== INFORMATION PROVIDED ==
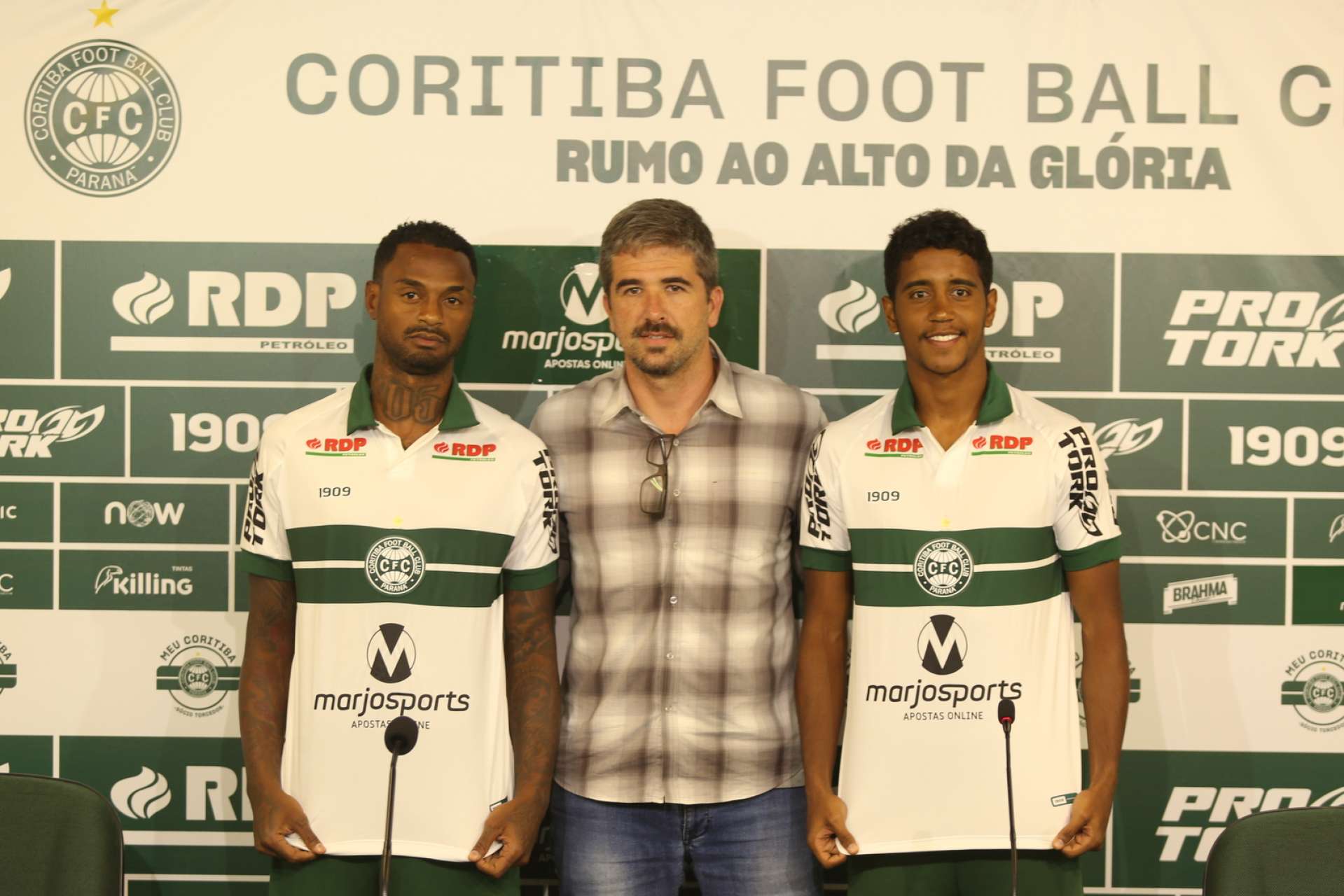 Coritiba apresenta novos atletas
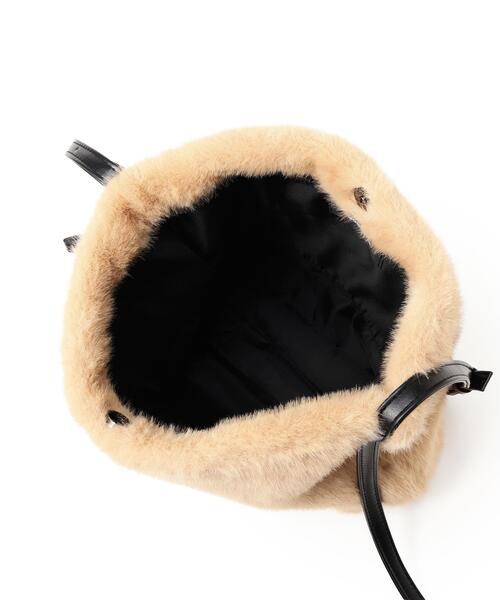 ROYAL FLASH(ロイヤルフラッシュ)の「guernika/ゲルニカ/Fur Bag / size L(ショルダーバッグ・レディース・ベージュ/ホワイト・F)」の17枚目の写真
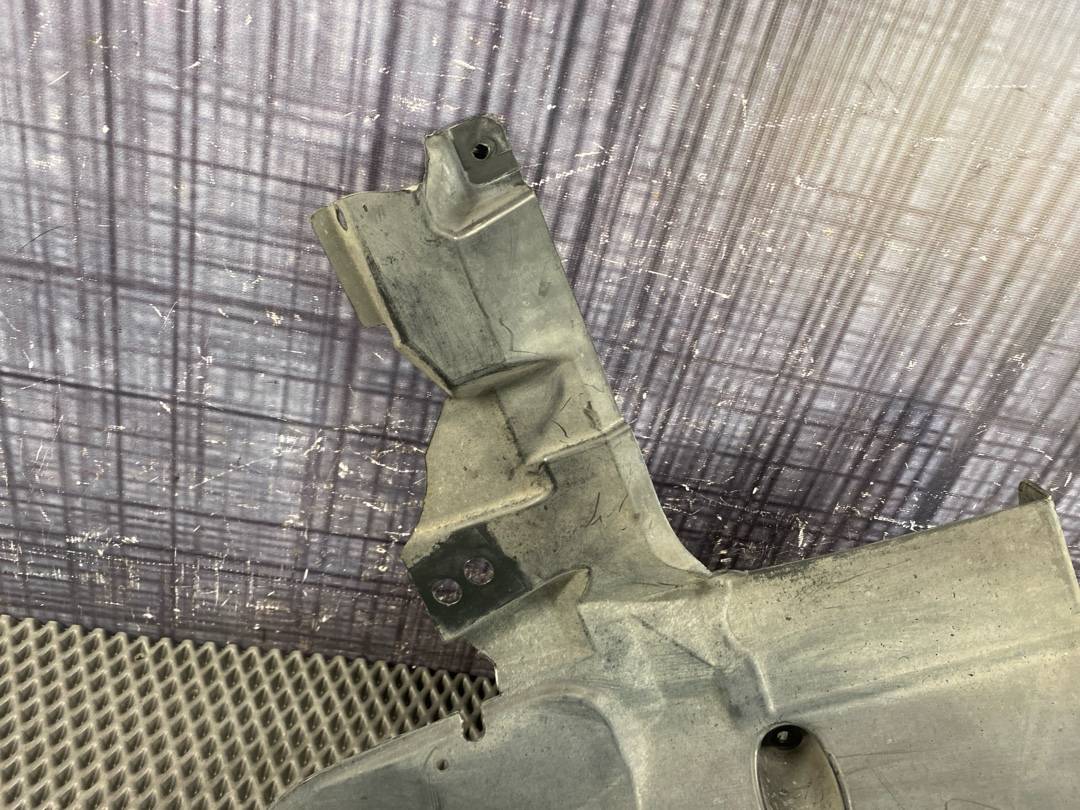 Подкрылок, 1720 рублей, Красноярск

== WHAT IS NEEDED ==
Repeat the data above in full and exactly. Omit every image.

== RESPONSE FOR THIS EXERCISE ==
 Coritiba apresenta novos atletas
 ROYAL FLASH(ロイヤルフラッシュ)の「guernika/ゲルニカ/Fur Bag / size L(ショルダーバッグ・レディース・ベージュ/ホワイト・F)」の17枚目の写真
 Подкрылок, 1720 рублей, Красноярск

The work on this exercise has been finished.